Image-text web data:
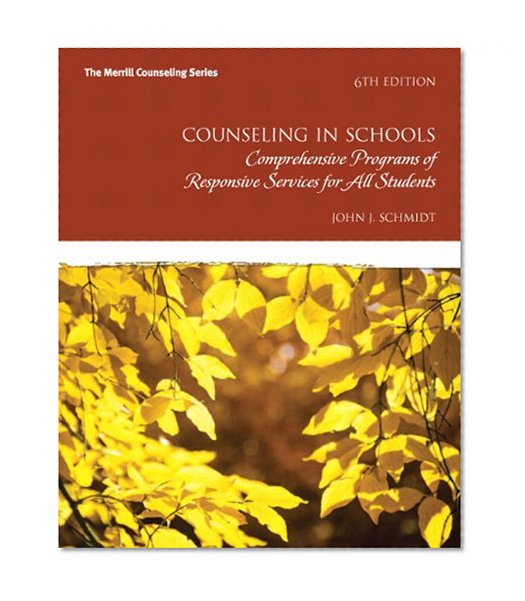 Book Cover Counseling in Schools: Comprehensive Programs of Responsive Services for All Students (6th Edition) (Merrill Counseling)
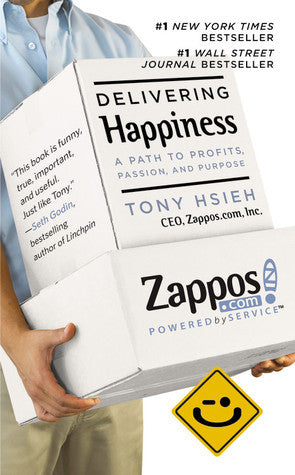 Delivering Happiness : A Path to Profits, Passion and Purpose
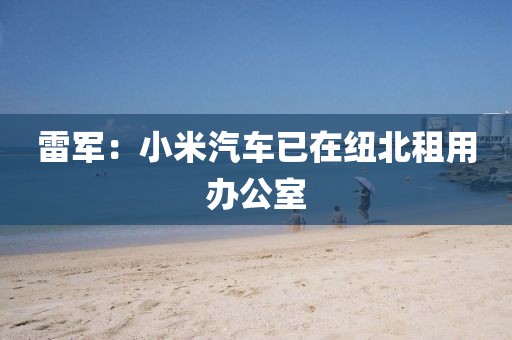 雷军：小米汽车已在纽北租用办公室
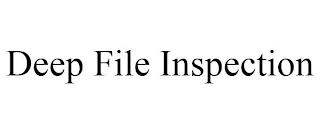 DEEP FILE INSPECTION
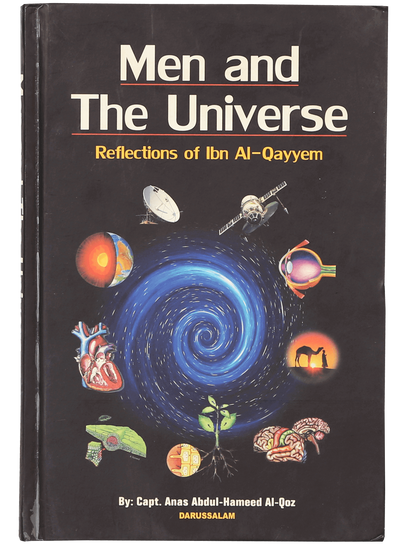 Men and The Universe (Reflections of Ibn Al-Qayyem)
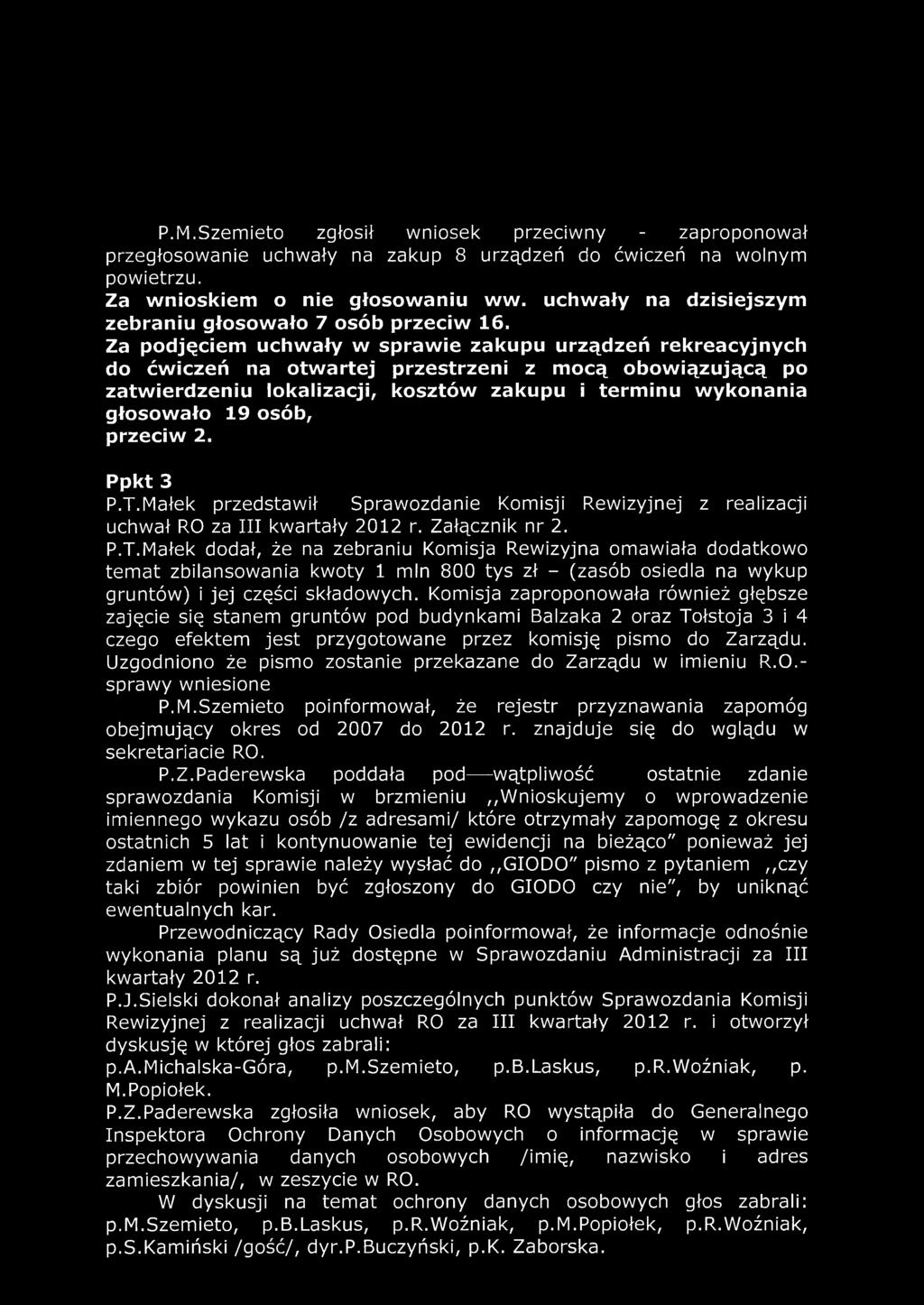 Za podjęciem uchwały w sprawie zakupu urządzeń rekreacyjnych do ćwiczeń na otwartej przestrzeni z mocą obowiązującą po zatwierdzeniu lokalizacji, kosztów zakupu i terminu wykonania głosowało 19 osób,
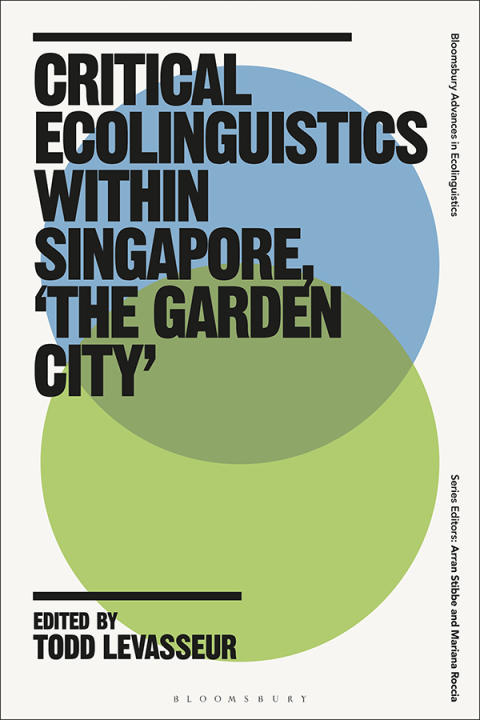 Cover image for book Critical Ecolinguistics Within Singapore, 'the Garden City'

== ABOUT THIS TASK ==
What is wanted is an exact copy of the lines from the line with "雷军：小米汽车已在纽北租用办公室" through the end of the records, both ends included, pictures excluded.

== TASK ANSWER ==
 雷军：小米汽车已在纽北租用办公室
 DEEP FILE INSPECTION
 Men and The Universe (Reflections of Ibn Al-Qayyem)
 Za podjęciem uchwały w sprawie zakupu urządzeń rekreacyjnych do ćwiczeń na otwartej przestrzeni z mocą obowiązującą po zatwierdzeniu lokalizacji, kosztów zakupu i terminu wykonania głosowało 19 osób,
 Cover image for book Critical Ecolinguistics Within Singapore, 'the Garden City'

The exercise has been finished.